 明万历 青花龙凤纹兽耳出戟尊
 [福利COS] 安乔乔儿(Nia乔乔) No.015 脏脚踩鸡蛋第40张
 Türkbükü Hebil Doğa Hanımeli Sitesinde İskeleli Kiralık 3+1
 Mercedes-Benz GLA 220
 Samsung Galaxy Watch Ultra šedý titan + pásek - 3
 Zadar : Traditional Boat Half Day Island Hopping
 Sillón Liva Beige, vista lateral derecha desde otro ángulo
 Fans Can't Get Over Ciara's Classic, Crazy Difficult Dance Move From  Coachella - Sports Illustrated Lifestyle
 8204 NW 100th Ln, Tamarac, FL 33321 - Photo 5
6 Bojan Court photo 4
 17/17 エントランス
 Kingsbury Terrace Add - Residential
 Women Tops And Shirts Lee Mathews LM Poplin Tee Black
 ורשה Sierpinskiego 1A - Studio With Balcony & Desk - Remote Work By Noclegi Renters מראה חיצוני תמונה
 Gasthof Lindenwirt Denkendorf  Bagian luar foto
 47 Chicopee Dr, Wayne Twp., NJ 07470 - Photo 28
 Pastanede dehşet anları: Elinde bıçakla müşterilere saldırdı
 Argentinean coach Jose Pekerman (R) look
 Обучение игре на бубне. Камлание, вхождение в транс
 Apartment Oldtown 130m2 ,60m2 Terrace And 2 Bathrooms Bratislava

Your assignment:
For this exercise, return every line from the data that holds the string "Terrace".

Response:
 Kingsbury Terrace Add - Residential
 Apartment Oldtown 130m2 ,60m2 Terrace And 2 Bathrooms Bratislava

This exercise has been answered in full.